I worked 50/60 weeks in term time and prepped in the holidays. If you are moving classrooms and year groups then a minimum of two of the six weeks summer holiday are gone on sorting and preparation.

Teaching as a career is not something I would recommend to anyone now, it is just too much and that is why people are leaving after a few years teaching. You can earn the same money and still have a life in another job.

The pay doesn’t reflect the amount of hours needed just to keep your head above water.

Drivingselfmad · 27/06/2026 11:51

Yetone · 27/06/2026 11:44

That may be your interpretation but not mine and not theirs. They are my neighbours and I do talk to them. They said it was really good being able to start at 4 on the decorating.
I come from a family of teachers. Parents, sister etc. My parents always complained about doing extra work of which they did very little. Times have changed but many many jobs require extra work.

So @Yetone , do you honestly believe all the teachers who say they are struggling or collapsing under the workload, many of whom are leaving the profession as a result, are just wrong? Why would they say it? Why would they leave, if it wasn’t their lived experience? What, actually, is your point?

Passingthrough123 · 27/06/2026 11:51

Shinyandnew1 · 27/06/2026 11:43

These threads tend to always go the same way. A thread starts with an ‘innocent’ question about teachers’ pay or conditions with lots of reasonable replies and then when it’s pointed out that teachers work over the 1265/195, you get non-teachers saying something along the lines of, ‘well, everyone does, teachers just think they work harder than everyone else’ when nobody has said that.

I think teaching is also one of those jobs which people often comment on, eg saying they are lazy, workshy, only work 9-3, always trying to close the schools, don’t understand the real world, just want to fine parents for having holidays etc etc, which is grating and leads to teachers defending themselves. They then get accused of moaning!

I think if your profession was continually bitched about by the press, across social media, even by your own government, you’d probably try to defend it as well.

I’ve pretty much given up defending it now as I have left completely. Even those amazing holidays weren’t enough to keep me in the job.

I should give up trying to defend the profession too. I'm not even a teacher! But my partner is a dedicated one and it really grinds my gears when teachers are disparaged for daring to point out that they don't get paid for holidays and that there are lots of cons to the job. Honestly, the best thing he can do is join the exodus and then I can sit back and enjoy the same MN members who delight in slagging off teachers now starting threads like "My kid's school's science dept has only one teacher because they can't fill the posts" or "My kid's class is being taught by a constant stream of supplies" or "My kid is now one of 40 in a class" because I know it's largely the fault of parents like them that teachers are leaving the profession in droves.

Yetone · 27/06/2026 11:53

Passingthrough123 · 27/06/2026 11:46

Of course you do. Why is it every time that a poster is challenged about sharing misinformation about teachers, they suddenly whip out an army of close relatives who just happen to be teachers too? Every time! 😂

Well my parents and sister were both teachers. Sorry.
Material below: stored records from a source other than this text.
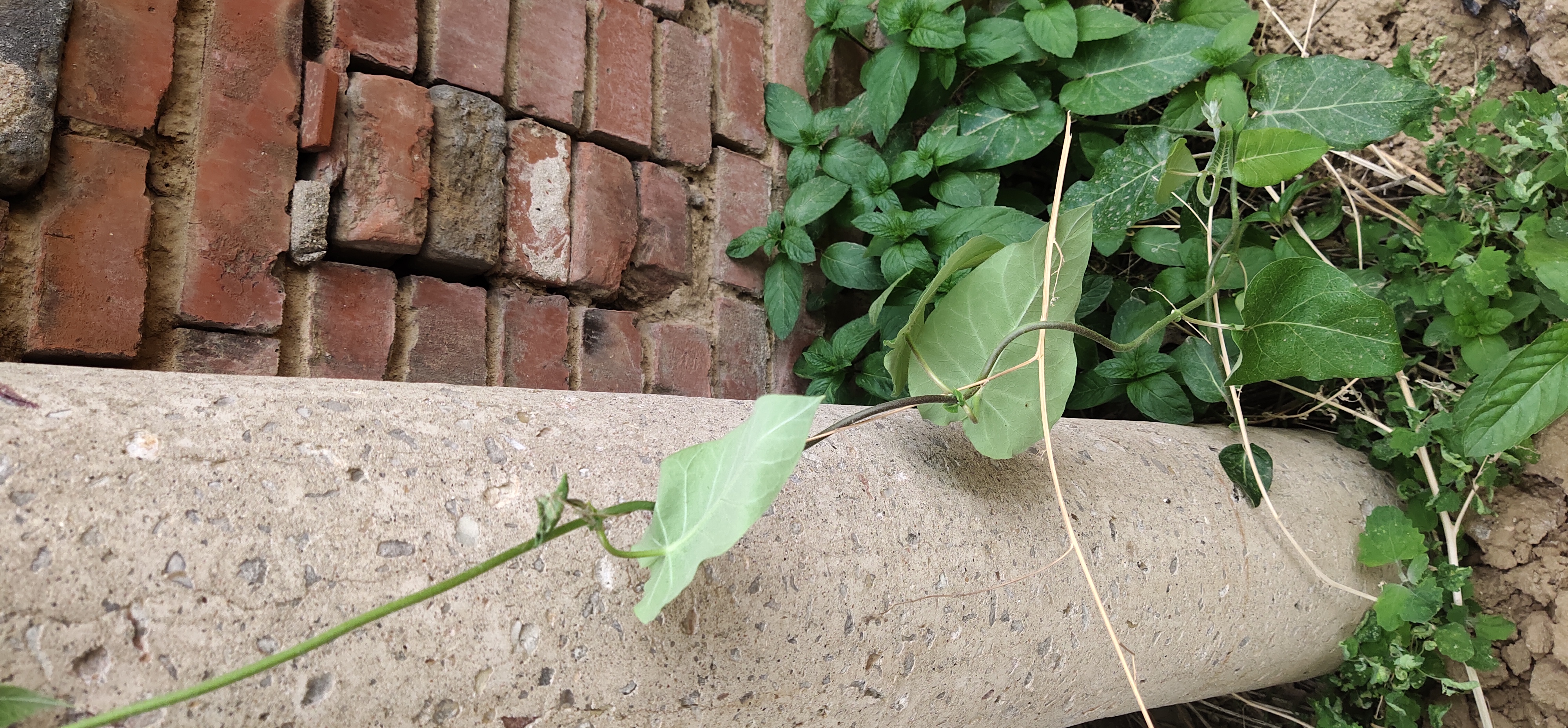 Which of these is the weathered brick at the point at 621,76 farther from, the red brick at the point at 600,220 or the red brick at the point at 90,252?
the red brick at the point at 90,252

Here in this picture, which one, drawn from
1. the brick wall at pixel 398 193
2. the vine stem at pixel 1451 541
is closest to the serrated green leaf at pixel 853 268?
the brick wall at pixel 398 193

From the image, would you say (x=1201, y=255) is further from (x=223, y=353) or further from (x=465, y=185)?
(x=223, y=353)

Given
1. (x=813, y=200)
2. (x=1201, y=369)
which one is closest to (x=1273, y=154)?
(x=1201, y=369)

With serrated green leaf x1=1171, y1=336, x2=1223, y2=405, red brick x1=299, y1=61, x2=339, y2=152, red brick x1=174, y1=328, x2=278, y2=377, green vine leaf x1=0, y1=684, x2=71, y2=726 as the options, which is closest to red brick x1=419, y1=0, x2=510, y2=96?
red brick x1=299, y1=61, x2=339, y2=152

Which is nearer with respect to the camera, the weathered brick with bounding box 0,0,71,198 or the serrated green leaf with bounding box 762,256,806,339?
the weathered brick with bounding box 0,0,71,198

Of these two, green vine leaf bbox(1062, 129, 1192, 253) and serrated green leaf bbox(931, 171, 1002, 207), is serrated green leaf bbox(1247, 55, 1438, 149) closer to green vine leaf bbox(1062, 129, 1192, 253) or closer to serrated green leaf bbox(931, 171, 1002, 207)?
green vine leaf bbox(1062, 129, 1192, 253)

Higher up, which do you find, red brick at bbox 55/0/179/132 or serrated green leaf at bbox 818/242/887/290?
red brick at bbox 55/0/179/132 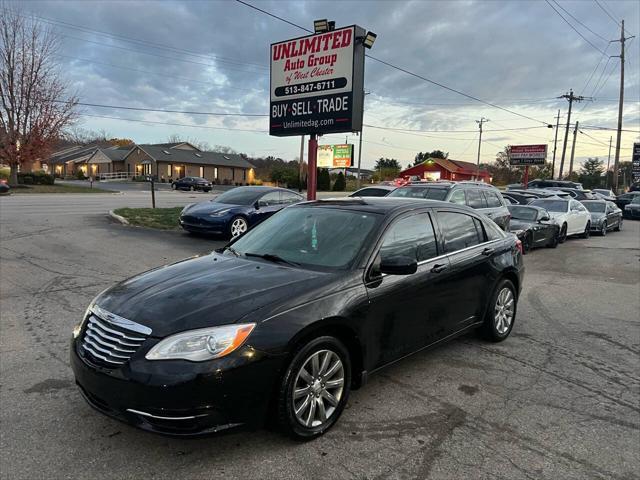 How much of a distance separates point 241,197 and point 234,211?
0.92 metres

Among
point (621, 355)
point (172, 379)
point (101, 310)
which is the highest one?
point (101, 310)

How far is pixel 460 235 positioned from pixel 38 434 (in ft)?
12.5

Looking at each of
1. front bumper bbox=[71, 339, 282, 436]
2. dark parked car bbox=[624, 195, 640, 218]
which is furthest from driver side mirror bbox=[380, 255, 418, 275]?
dark parked car bbox=[624, 195, 640, 218]

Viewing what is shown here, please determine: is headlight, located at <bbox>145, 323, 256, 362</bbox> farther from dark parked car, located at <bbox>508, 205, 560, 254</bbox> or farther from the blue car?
dark parked car, located at <bbox>508, 205, 560, 254</bbox>

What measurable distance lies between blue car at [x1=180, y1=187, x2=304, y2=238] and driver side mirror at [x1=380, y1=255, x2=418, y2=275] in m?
8.21

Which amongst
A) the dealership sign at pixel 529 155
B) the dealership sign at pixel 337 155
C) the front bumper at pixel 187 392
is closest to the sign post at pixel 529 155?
the dealership sign at pixel 529 155

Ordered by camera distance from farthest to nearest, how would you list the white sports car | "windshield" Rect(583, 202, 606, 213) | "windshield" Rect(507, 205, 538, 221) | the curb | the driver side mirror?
"windshield" Rect(583, 202, 606, 213)
the white sports car
the curb
"windshield" Rect(507, 205, 538, 221)
the driver side mirror

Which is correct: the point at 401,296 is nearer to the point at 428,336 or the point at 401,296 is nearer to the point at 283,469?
the point at 428,336

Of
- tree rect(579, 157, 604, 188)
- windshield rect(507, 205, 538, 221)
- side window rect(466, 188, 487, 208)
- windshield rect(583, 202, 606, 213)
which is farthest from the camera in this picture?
tree rect(579, 157, 604, 188)

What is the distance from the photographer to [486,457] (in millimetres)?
2998

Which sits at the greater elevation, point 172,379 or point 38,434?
point 172,379

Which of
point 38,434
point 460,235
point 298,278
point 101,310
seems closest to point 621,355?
point 460,235

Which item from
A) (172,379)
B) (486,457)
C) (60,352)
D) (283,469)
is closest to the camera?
(172,379)

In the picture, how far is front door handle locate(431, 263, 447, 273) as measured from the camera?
410 cm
Passingthrough123 · 27/06/2026 11:54

Yetone · 27/06/2026 11:53

Well my parents and sister were both teachers. Sorry.

If you say so!

Yetone · 27/06/2026 11:54

Drivingselfmad · 27/06/2026 11:51

So @Yetone , do you honestly believe all the teachers who say they are struggling or collapsing under the workload, many of whom are leaving the profession as a result, are just wrong? Why would they say it? Why would they leave, if it wasn’t their lived experience? What, actually, is your point?

But if this is the case why haven’t they all left ?

Owninterpreter · 27/06/2026 11:56

pragmatismuniversalsentimentalist · 27/06/2026 11:23

I've always thought this, the 'we aren't paid for the school holidays' line doesnt stack up so well alongside 'teaching salaries are poor' because if those salaries are for only 195 days per year then actually they are pretty good salaries as most full time jobs people have to work more like over 250 days a year (taking off holiday entitlements.

If teaching salaries are for a part time job of only 0.8 fte (which is what 195/250ish roughly equates to) then they are pretty decent

I have a normal job now, after 5 years of annualised hours contracts. Ive never been a teacher.

I work 225 days a year as I get 104 weekend days, 8 bank holidays and 28 days annual leave. Which is fairly standard for a professional role. So its 195 / 225 which is more 0.87 FTE. (If you believe its a pro rata role and not a full time contract structured differently)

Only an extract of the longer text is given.